O aumento no número de casos de sífilis, doença sexualmente transmissível, no estado do Rio de Janeiro tem preocupado especialistas. Segundo a Secretaria de Estado de Saúde, de janeiro a abril, hove 3.069 registros da doença no estado. Em todo o ano de 2019, a Sífilis Adquirida foram 16.206 casos.

A doença provocada por uma bactéria transmitida na relação sexual, a doença pode ser evitada com cuidados simples como o uso de preservativo. A doença tem cura e deve ser tratada o quanto antes. De acordo com dados da pasta, a maioria das pessoas infectadas tinha entre 20 e 29 anos, mais da metade era do sexo masculino e a maior proporção era de pessoas com o Ensino Médio completo.

Ainda segundo especialistas a sífilis também pode ser passada da mãe infectada para o bebê pela placenta ou durante o parto natural se a mãe apresentar alguma lesão. A manifestação inicial da sífilis pode acontecer em forma de uma ferida indolor nos órgãos genitais, de dez a 90 dias após relações com uma pessoa contaminada.

“A sífilis pode ser prevenida com o uso de preservativos, mas estudos apontam que o tempo de relacionamento do casal interfere nesse uso, ou seja, em relações mais duradouras o uso do preservativo não é constante.

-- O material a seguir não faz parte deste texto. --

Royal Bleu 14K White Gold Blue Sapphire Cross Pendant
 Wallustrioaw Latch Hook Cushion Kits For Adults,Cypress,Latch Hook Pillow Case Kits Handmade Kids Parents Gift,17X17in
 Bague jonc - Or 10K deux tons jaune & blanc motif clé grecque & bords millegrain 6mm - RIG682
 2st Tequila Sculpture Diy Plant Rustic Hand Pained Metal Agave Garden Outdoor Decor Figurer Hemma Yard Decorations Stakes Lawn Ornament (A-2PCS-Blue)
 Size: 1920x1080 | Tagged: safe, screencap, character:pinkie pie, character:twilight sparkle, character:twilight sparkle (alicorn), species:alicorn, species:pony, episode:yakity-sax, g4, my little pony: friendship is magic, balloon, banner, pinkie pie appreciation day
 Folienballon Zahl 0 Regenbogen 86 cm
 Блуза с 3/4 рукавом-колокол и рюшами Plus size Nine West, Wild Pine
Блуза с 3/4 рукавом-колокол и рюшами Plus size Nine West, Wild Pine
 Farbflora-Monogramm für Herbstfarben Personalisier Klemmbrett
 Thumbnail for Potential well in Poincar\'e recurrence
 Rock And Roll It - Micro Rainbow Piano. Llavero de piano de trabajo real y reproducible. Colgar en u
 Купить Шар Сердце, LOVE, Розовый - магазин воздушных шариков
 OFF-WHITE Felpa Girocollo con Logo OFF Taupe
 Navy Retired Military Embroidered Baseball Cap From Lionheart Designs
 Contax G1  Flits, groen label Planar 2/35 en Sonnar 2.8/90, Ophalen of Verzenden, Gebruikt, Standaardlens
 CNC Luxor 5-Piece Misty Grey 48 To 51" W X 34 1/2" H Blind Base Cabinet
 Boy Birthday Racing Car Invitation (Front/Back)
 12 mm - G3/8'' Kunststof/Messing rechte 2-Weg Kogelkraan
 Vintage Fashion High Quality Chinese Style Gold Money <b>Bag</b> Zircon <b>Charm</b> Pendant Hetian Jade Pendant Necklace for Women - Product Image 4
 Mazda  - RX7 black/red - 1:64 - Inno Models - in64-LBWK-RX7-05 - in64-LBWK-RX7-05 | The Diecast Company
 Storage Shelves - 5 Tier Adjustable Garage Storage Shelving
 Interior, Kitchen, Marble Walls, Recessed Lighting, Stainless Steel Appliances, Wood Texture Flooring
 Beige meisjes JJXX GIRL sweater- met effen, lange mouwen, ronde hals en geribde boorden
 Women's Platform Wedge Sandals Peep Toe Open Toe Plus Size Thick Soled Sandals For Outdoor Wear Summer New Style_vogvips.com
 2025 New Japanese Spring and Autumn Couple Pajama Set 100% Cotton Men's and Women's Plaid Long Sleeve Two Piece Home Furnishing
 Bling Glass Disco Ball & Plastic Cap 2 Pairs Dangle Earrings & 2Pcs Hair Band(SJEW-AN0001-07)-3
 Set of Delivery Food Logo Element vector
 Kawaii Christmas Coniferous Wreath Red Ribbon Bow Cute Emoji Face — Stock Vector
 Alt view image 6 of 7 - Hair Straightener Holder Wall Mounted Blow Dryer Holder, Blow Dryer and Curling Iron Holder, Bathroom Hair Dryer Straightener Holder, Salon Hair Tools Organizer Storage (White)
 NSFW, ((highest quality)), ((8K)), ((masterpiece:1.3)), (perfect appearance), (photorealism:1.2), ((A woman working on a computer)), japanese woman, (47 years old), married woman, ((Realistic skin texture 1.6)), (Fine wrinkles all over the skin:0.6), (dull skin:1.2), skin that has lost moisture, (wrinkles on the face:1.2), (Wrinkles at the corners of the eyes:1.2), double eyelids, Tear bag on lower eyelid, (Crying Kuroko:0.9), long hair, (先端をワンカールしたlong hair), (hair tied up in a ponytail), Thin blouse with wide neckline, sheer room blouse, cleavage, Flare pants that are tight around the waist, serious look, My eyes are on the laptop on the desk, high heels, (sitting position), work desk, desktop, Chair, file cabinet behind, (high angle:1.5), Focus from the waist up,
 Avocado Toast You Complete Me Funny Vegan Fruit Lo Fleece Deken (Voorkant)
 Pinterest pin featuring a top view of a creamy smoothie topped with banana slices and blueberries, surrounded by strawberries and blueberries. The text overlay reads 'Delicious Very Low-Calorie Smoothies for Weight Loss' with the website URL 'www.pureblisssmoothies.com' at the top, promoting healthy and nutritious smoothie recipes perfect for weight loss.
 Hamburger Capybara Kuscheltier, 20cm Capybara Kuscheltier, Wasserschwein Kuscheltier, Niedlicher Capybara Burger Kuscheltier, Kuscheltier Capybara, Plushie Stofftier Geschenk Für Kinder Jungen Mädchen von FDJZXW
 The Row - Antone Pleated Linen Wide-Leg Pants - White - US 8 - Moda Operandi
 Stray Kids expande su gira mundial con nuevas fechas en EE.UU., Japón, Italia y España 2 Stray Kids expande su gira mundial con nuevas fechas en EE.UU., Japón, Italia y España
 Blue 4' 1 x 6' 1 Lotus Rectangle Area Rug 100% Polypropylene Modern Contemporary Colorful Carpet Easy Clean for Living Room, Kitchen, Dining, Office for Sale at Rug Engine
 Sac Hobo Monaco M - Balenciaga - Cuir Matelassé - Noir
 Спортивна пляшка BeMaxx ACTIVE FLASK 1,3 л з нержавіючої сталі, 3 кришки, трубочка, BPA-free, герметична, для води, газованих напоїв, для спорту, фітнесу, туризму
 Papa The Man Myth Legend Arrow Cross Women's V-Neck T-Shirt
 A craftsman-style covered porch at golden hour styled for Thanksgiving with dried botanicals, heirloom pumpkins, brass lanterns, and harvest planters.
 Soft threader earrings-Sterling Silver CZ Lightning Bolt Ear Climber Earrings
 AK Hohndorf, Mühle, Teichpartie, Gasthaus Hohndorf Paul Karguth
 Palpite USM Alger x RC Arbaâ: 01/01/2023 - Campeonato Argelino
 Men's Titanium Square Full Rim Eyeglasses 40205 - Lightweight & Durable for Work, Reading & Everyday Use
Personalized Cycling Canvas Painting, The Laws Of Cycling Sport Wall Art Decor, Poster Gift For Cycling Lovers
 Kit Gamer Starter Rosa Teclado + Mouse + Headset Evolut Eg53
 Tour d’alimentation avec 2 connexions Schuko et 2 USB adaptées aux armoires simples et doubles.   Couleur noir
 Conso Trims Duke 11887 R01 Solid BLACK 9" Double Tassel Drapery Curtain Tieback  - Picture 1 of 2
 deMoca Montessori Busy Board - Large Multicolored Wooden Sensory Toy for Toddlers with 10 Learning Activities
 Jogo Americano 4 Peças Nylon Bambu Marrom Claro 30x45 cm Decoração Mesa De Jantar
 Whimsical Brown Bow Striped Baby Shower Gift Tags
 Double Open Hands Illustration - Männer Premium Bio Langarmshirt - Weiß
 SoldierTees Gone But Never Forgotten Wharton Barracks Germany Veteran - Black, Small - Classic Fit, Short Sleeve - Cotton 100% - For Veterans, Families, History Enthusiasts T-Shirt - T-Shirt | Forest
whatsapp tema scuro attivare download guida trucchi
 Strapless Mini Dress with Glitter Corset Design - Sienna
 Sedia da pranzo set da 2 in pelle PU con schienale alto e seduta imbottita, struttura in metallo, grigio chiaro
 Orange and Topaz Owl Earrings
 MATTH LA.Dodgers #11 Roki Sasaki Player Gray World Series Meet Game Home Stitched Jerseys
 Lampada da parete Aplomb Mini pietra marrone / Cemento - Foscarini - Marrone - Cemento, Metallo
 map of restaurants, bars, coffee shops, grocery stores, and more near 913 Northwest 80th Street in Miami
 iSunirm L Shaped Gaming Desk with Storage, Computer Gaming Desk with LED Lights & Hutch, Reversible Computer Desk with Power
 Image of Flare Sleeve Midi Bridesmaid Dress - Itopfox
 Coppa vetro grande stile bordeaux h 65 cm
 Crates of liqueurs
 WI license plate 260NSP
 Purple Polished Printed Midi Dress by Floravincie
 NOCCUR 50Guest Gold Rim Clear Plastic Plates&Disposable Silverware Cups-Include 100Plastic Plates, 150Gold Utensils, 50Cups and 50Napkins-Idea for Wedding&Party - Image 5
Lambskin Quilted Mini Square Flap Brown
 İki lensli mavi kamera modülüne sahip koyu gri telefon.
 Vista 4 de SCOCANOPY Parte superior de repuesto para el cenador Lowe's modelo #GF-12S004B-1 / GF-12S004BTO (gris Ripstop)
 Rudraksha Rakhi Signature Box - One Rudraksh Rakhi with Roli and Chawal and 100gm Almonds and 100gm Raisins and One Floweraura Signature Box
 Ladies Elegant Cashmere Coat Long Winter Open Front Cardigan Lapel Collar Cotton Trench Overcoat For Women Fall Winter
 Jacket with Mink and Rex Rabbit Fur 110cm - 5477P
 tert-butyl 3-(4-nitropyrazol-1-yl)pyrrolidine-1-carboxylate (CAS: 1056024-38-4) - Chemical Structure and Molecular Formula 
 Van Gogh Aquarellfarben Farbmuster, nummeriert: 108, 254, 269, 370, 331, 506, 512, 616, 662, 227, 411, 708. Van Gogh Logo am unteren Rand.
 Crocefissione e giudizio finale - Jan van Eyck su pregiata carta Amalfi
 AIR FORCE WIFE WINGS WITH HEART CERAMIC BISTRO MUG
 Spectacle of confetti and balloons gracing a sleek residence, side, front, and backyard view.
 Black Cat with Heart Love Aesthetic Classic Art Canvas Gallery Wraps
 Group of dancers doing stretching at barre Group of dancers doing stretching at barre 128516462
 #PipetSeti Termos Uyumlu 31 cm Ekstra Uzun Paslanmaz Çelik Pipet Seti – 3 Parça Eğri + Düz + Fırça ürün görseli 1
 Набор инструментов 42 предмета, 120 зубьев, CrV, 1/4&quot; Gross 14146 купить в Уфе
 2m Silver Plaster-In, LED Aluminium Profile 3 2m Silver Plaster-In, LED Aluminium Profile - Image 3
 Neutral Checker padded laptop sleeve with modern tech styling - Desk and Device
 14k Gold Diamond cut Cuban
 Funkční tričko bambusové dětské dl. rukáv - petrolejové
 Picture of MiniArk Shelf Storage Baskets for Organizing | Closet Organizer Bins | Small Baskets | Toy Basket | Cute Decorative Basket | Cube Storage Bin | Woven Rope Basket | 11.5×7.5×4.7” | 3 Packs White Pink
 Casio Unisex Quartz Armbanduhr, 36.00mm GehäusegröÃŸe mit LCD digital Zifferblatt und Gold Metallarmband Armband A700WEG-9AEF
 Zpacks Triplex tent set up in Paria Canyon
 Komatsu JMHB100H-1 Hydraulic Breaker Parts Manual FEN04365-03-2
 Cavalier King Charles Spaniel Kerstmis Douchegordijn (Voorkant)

Além disso, na população jovem a gente observa grande recusa ao preservativo. Isso ainda é uma barreira que enfrentamos”,lembra a gerente do setor de Infecções Sexualmente Transmissíveis (ISTs) da Secretaria de Saúde, Denise Pires.

A gerente ainda destaca “É importante dizer também que o diagnóstico precoce é fundamental, a sífilis tem cura, as unidades de saúde têm testes rápidos e o tratamento é garantido pelo SUS”

Denise Pires explica ainda que as equipes do setor de ISTs da secretaria realizam trabalhos em maternidades, além de ações em parceria com os municípios.

“Visitamos todas as maternidades estaduais para observar a utilização adequada dos protocolos de tratamento. A gente faz também a investigação dos óbitos de sífilis congênita. Infelizmente, o Rio de Janeiro é um dos principais estados com mortes de crianças. É uma situação muito triste. Também atuamos junto à atenção primária dos municípios, focando no fortalecimento e melhoria do pré-natal. Isso porque o diagnóstico de sífilis na gestante deve ser feito no pré-natal e ela deve receber o tratamento adequado o quanto antes”, enfatiza.